Please print nothing but the lines from the one containing "Kids disney moaconcept" to the final line below, exactly, and no pictures.

=== Begin Enclosure ===

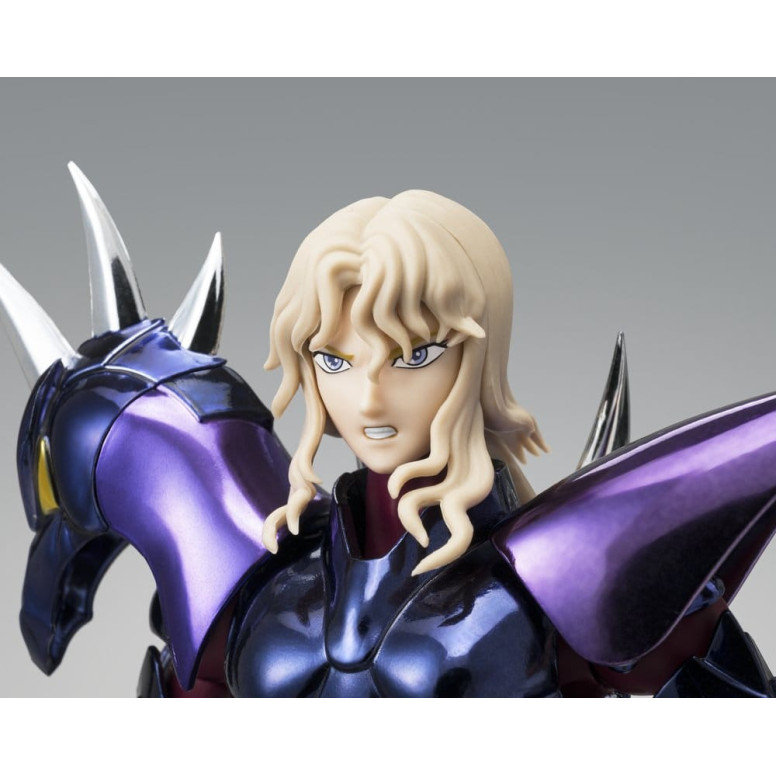 Bandai Tamashii Nations Saint Seiya – Myth Cloth EX Metal – ALPHA DUBHE SIEGFRIED 40th Anniversary Ver.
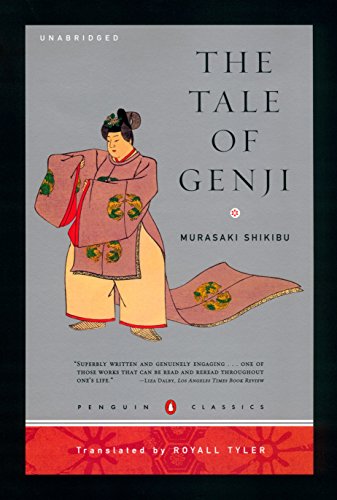The Tale of Genji: (Penguin Classics Deluxe Edition) -- Murasaki Shikibu - Paperback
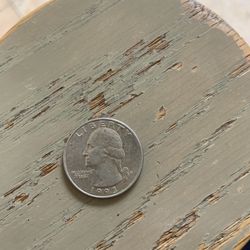 U. S. A Quarter, 1993, $50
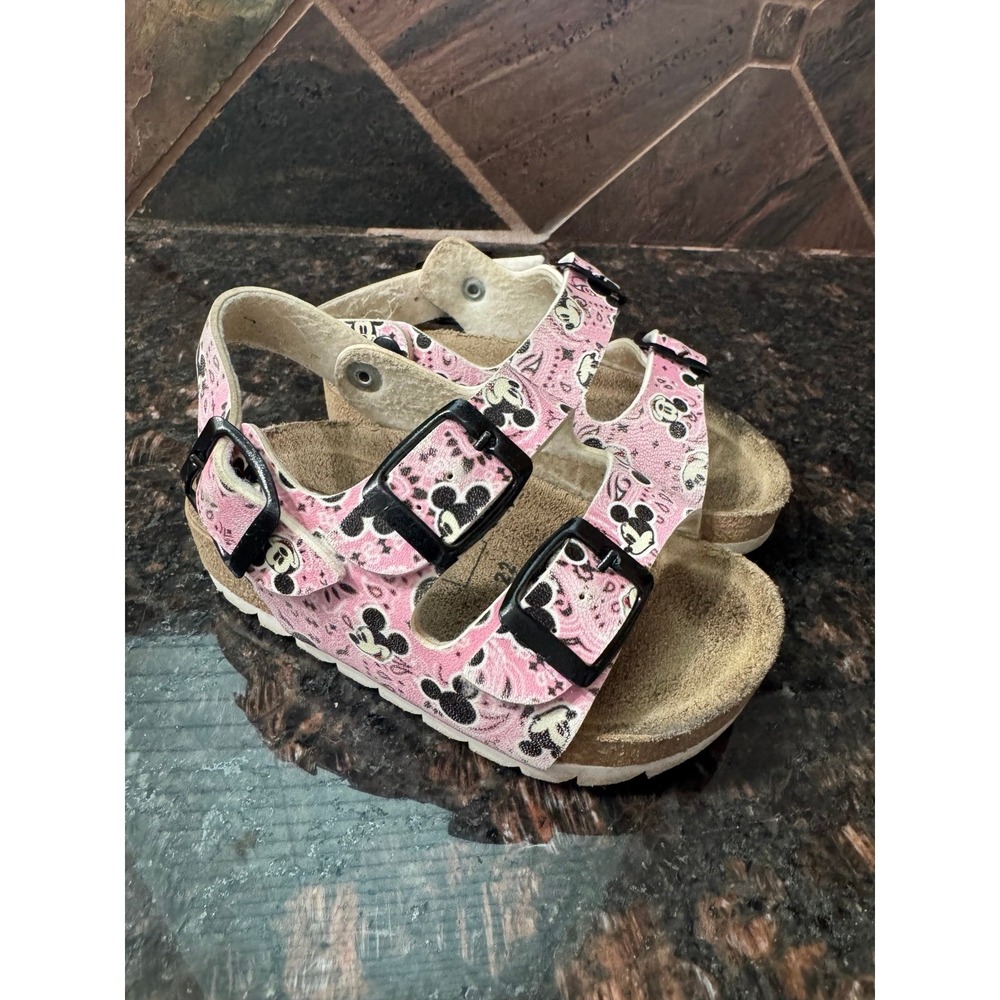 Kids disney moaconcept made in italy birkenstock size 22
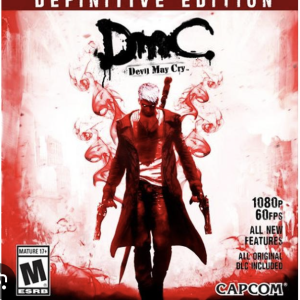 Devil May Cry Definitive Edition Digital Original Psn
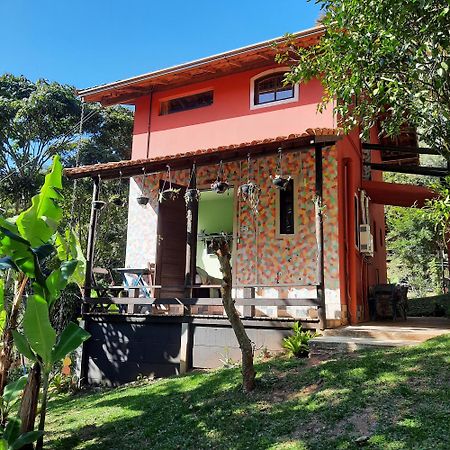 Suítes Casinha do Alto da Bocaina Sao Pedro da Serra  Exterior foto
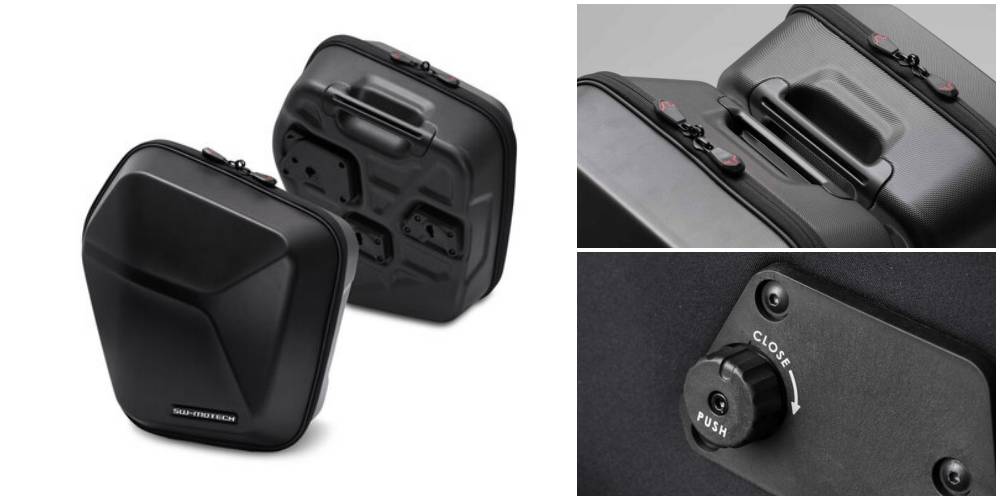 SW-Motech URBAN ABS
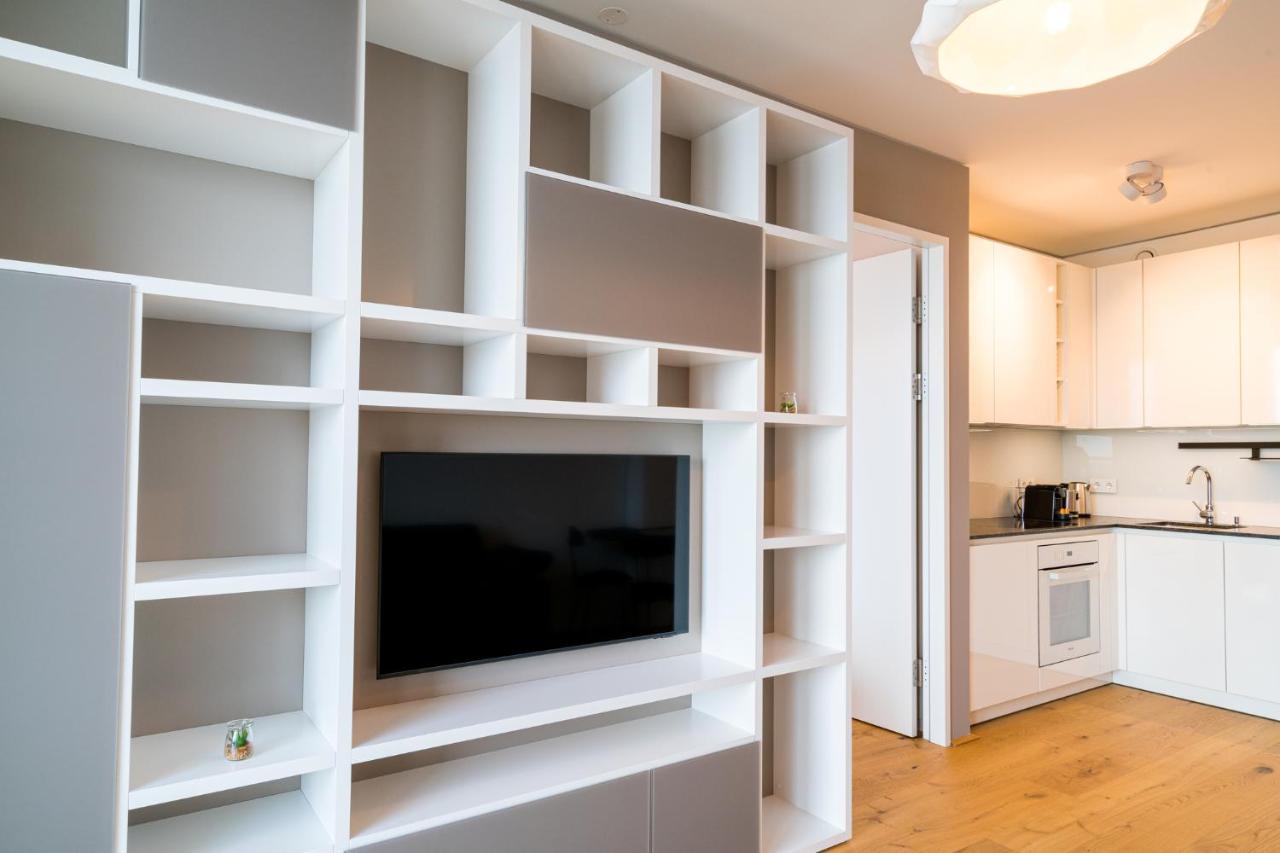 Vienna Residence, Marina Tower - Danube Екстер'єр фото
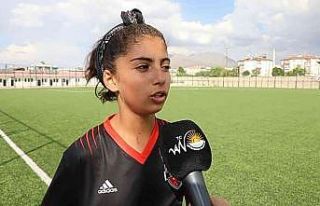 Van Büyükşehir Belediyesi Milli Takımlar bölge...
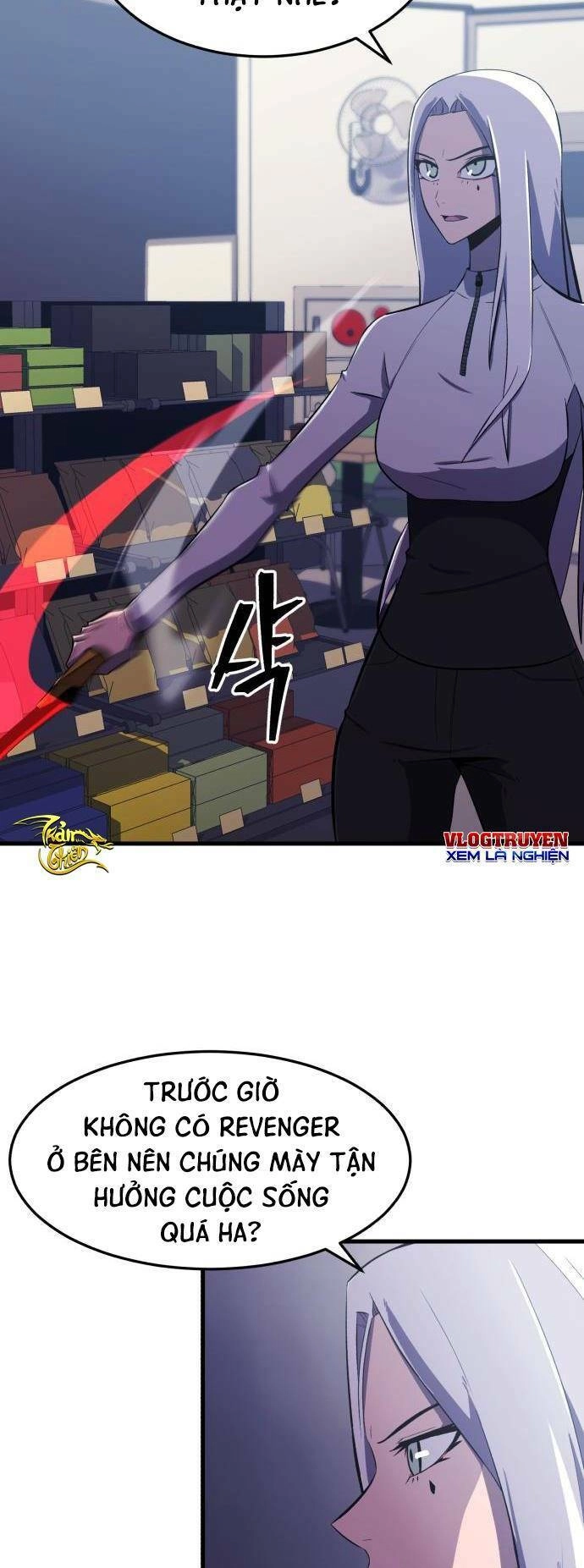 Huyết Nhân Báo Thù Chapter 6 - 44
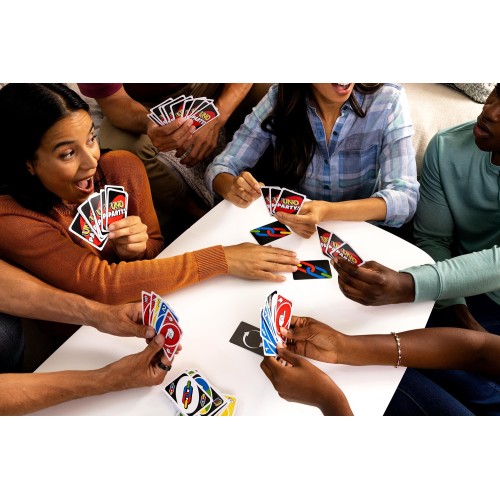 Mattel Uno Party HMY49 194735135769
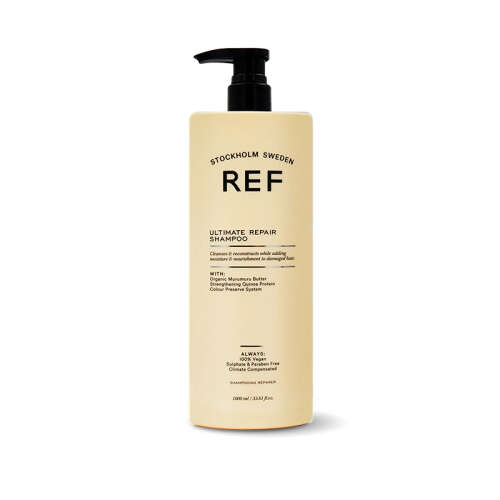 Ref Ultimate Repair Shampoo 1000 ml - Ref Stockholm Sweden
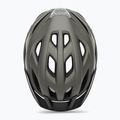 Cyklistická helma MET Crossover titanium matt 7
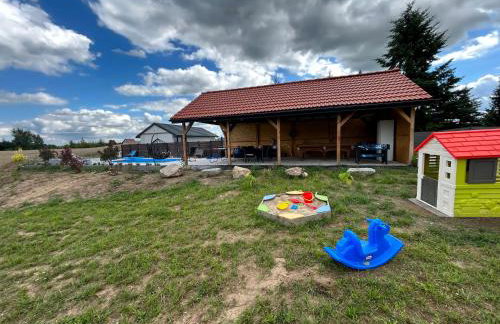 Koniec Świata dom 84m2 z balią i basenem na wyłączność - Foto 37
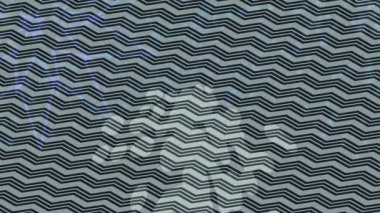 Dijital doku yüzey tasarım biçimi ile modern video animasyonu için gelişmiş hareket grafikleri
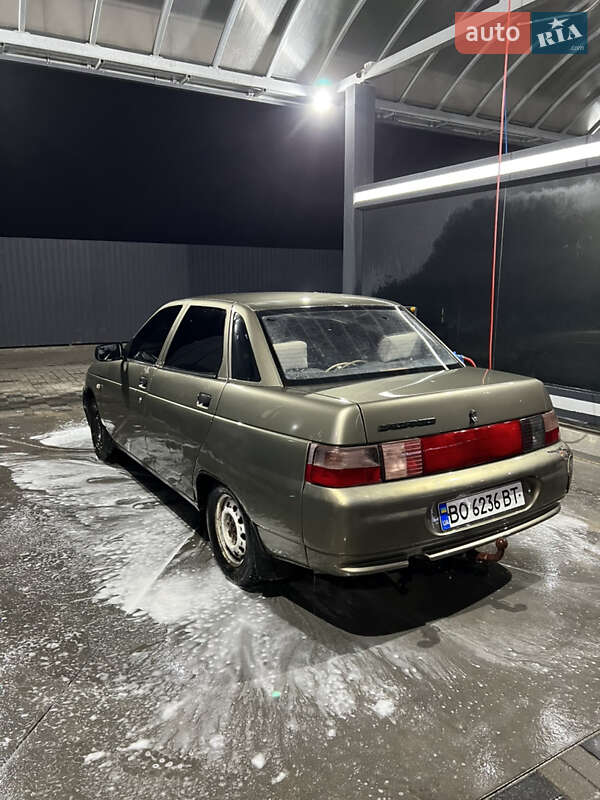 Седан ВАЗ / Lada 2110 2001 в Хмельницькому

=== End Enclosure ===

__COMPLETED TASK__.
 Kids disney moaconcept made in italy birkenstock size 22
 Devil May Cry Definitive Edition Digital Original Psn
 Suítes Casinha do Alto da Bocaina Sao Pedro da Serra  Exterior foto
 SW-Motech URBAN ABS
 Vienna Residence, Marina Tower - Danube Екстер'єр фото
 Van Büyükşehir Belediyesi Milli Takımlar bölge...
 Huyết Nhân Báo Thù Chapter 6 - 44
 Mattel Uno Party HMY49 194735135769
 Ref Ultimate Repair Shampoo 1000 ml - Ref Stockholm Sweden
 Cyklistická helma MET Crossover titanium matt 7
 Koniec Świata dom 84m2 z balią i basenem na wyłączność - Foto 37
 Dijital doku yüzey tasarım biçimi ile modern video animasyonu için gelişmiş hareket grafikleri
 Седан ВАЗ / Lada 2110 2001 в Хмельницькому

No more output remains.